**WHAT YOU WILL DO**
Exactly as they appear, write the lines from the one containing "Figur 5.3 Profilen til" to the final line of the entries, leaving pictures out.

(Image-text web data)
==*==
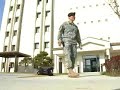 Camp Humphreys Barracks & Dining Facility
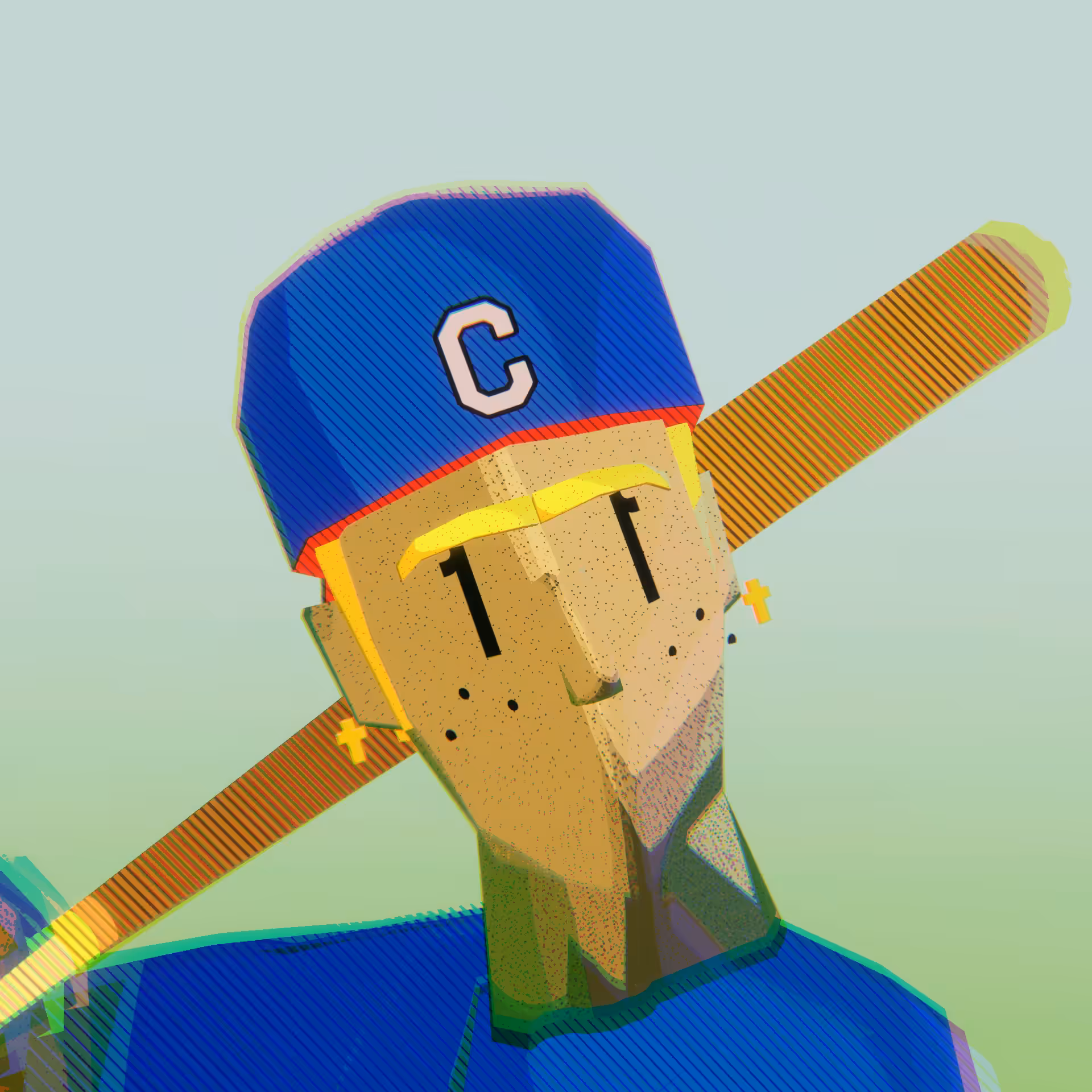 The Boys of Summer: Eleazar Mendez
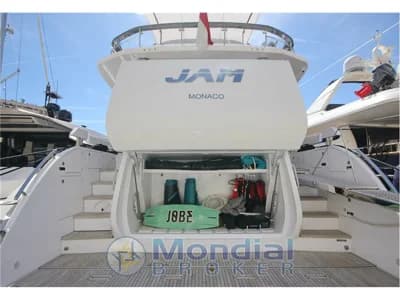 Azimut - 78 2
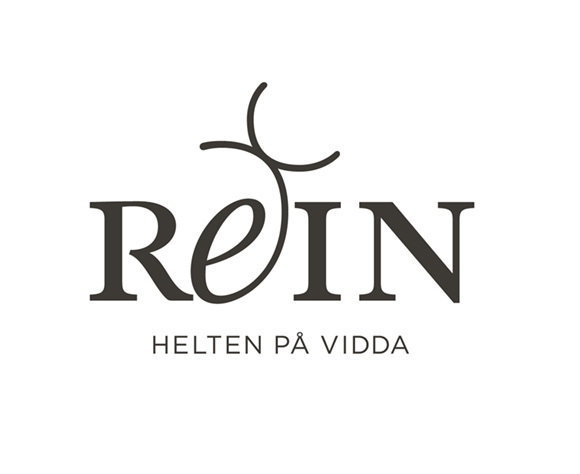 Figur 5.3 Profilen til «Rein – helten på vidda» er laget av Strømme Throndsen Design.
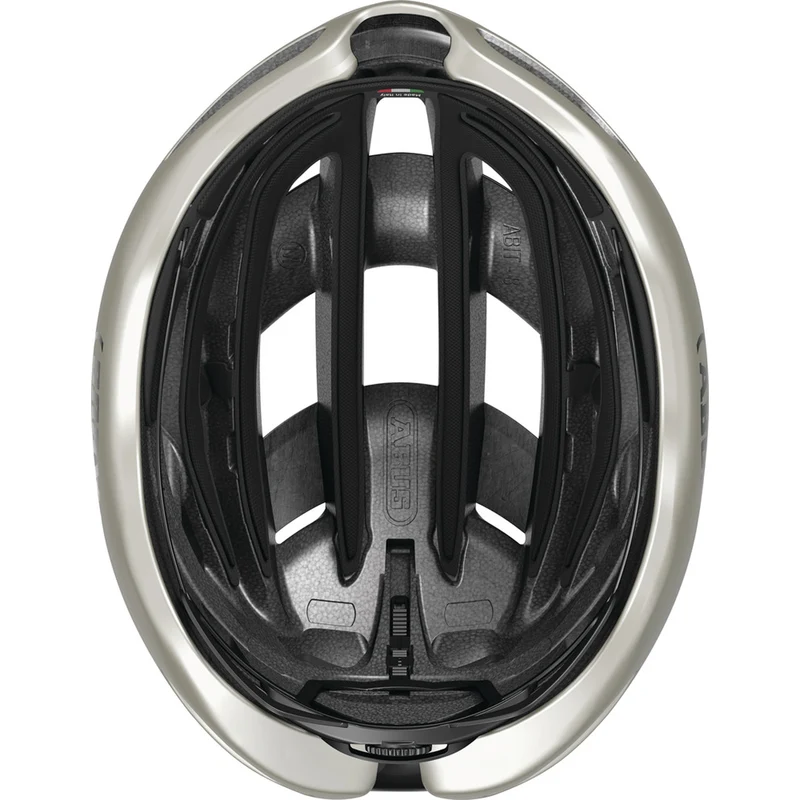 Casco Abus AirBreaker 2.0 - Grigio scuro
==*==
**RESPONSE AREA**
 Figur 5.3 Profilen til «Rein – helten på vidda» er laget av Strømme Throndsen Design.
 Casco Abus AirBreaker 2.0 - Grigio scuro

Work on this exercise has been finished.